2. Captcha stands for "Completely Automated Public Turing
test to tell Computers and Humans Apart". The phrase
was first used around 2000 by Luis von Ahn, Manuel
Blum, Nicholas Hopper, and John Langford of the
Carnegie Mellon University.
Turing means a repeatable test of a computer's ability to
act with human-like intelligence. If a computer can fool a
human into thinking they are communicating with another
human, the machine passes the test. The test was
introduced by Alan Turing in his 1950 paper, "Computing
Machinery and Intelligence".
3. A Captcha or a challenge system, is a test to see if you are
human. It is most often text, pictures, or sounds, that the
automated computer or robots cannot understand. In the
beginning, such tests screened out people with vision
problems, hearing problems, small children, and people
with mental challenges.
Now, many Captcha or challenge systems only allow
people with perfect vision, perfect hearing, and people
who can figure out a specific computer puzzle. In the old
(pre-2007) days, the tests were usually simple.
4. Simple is what is needed. When one visits Captcha.net,
they see a simple example that almost anyone can solve.
The problem is, that these days, the actual tests are
designed to defeat optical character readers (OCRs).
The words or numbers are garbled so much that the
average person has to retry a few times.
5. When I say garbled, I mean not even a teenager can figure out
what it says most of the time. It is time to move back to simple
Turing tests such as adding two numbers, or a simple
distortion of some text, or asking someone to pick all the
names from a list of words.
To make matters worse, great effort went into making an
alternative for people with vision problems. There is often an
"audio" button where you can listen instead of read. Try it
sometime, and see for yourself how "understandable" the
audio is to you. And of course, you cannot be on the phone,
on Skype, watching TV, or listening to anyone or anything
else while taking audio tests on web sites.

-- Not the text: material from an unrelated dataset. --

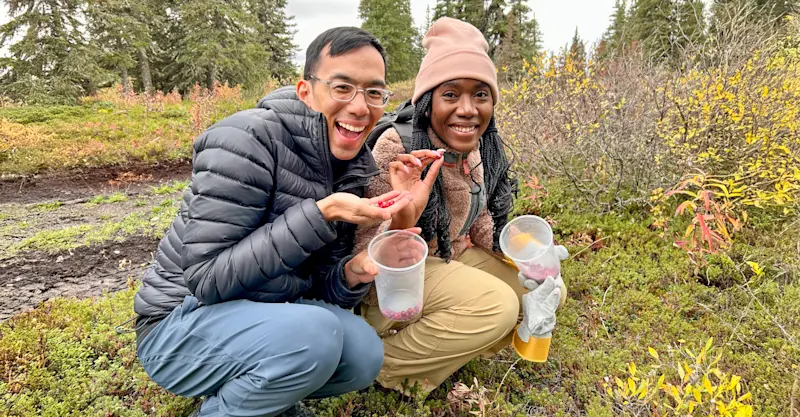 Earthwatch guests picking tundra berries, Churchill, Manitoba, Canada.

6. One benefit of so many web sites using Captcha or other
challenge systems, is that at least one company, reCaptcha,
used test results to help improve OCR on computer systems
that scan and read old books and text. Google bought
reCaptcha in 2009. Good for them, let's make sure it is good
for web surfers too.
When Captcha or challenge systems are too difficult, most
people must try several times, and people with vision
problems - forget about it. That is not right.